In order to mitigate this, you can create a heartbeat
table in the source database. This table will have a single row that gets updated every minute.
By including this table in the CDC mirror, PeerDB will pick up changes to this table, sync them and flush the slot periodically, keeping the slot size in check.
The below is an example of what we’re talking about. Ensure that the heartbeat table has required permissions to be a part of the mirror.
CREATE TABLE _peerdb_heartbeat (
id SERIAL PRIMARY KEY,
last_updated TIMESTAMP DEFAULT CURRENT_TIMESTAMP
);
INSERT INTO _peerdb_heartbeat DEFAULT VALUES;
-- Update the row every minute (this can be done with, say, pg_cron)
UPDATE _peerdb_heartbeat SET last_updated = CURRENT_TIMESTAMP;
PeerDB Implementation
PeerDB has the facility to perform periodic updates on your heartbeat table. This has the benefit of not needing to install an extension like pg_cron. Currently, updates are done every 12 minutes. This will soon be configurable. PeerDB will require update permission on the heartbeat table:
GRANT UPDATE ON _peerdb_heartbeat TO <postgres_peer_user>;
In PeerDB UI, head over to Settings
in the sidebar. Search for WAL
in the search bar on the right.
Edit the current value fields of the following settings:
PEERDB_ENABLE_WAL_HEARTBEAT
: Set this totrue
(no quotes or anything)PEERDB_WAL_HEARTBEAT_QUERY
: Set this to the update command to be run periodically:
UPDATE _peerdb_heartbeat SET last_updated = CURRENT_TIMESTAMP;
This sets up updates to the heartbeat table every 12 minutes.
Manual Implementation
Periodic update can also be done with the below pg_cron command, for example:
-- updates every 30 seconds
SELECT cron.schedule('*/30 * * * *', $$UPDATE _peerdb_heartbeat SET last_updated = CURRENT_TIMESTAMP$$);
Include the heartbeat table in the mirror
Now, you can include it as part of the tables in the mirror either via the Create Mirror UI (table selector) or through the SQL Layer as shown below.

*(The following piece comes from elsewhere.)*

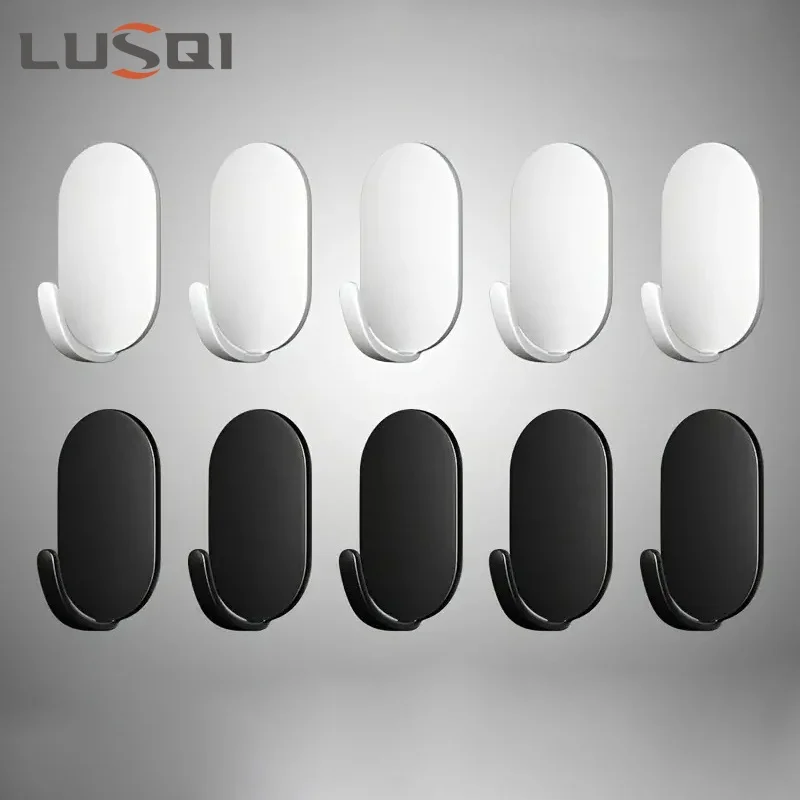 LUSQI 10/20Pcs Self Adhesive Towel Hooks Bathroom Toilet Kitchen Multifunctional Hook Clothes Hat Umbrella Hanger Keyring Holder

CREATE MIRROR heartbeat_mirror
FROM postgres_peer TO warehouse_peer
WITH TABLE MAPPING (
public._peerdb_heartbeat: _peerdb_heartbeat_target,
-- other tables
)
WITH(
...
);
Mitigate slot growth with emit messages
If setting up heartbeat tables is unideal for your use case,
you can also rely on pg_logical_emit_message()
- a system function for emitting a logical decoding message into WAL.

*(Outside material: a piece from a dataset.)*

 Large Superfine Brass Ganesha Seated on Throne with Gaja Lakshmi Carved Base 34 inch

Note that this is supported in PostgreSQL versions 14 and above.
PeerDB picks up on the message as part of its WAL processing and flushes the slot at the frequency of the CDC sync interval.
Permissions to be granted, if needed, to call this function can be done with:
GRANT EXECUTE ON FUNCTION pg_logical_emit_message( transactional boolean, prefix text, content text )
TO <postgres_peer_user>;
Edit the current value fields of the following settings in the Settings tab in UI:
PEERDB_ENABLE_WAL_HEARTBEAT
: Set this totrue
(no quotes or anything)PEERDB_WAL_HEARTBEAT_QUERY
: Set this to the emit_message function call command to be run periodically:
SELECT pg_logical_emit_message(false,'heartbeat','')
Currently, PeerDB emits a message every 12 minutes. This will soon be configurable.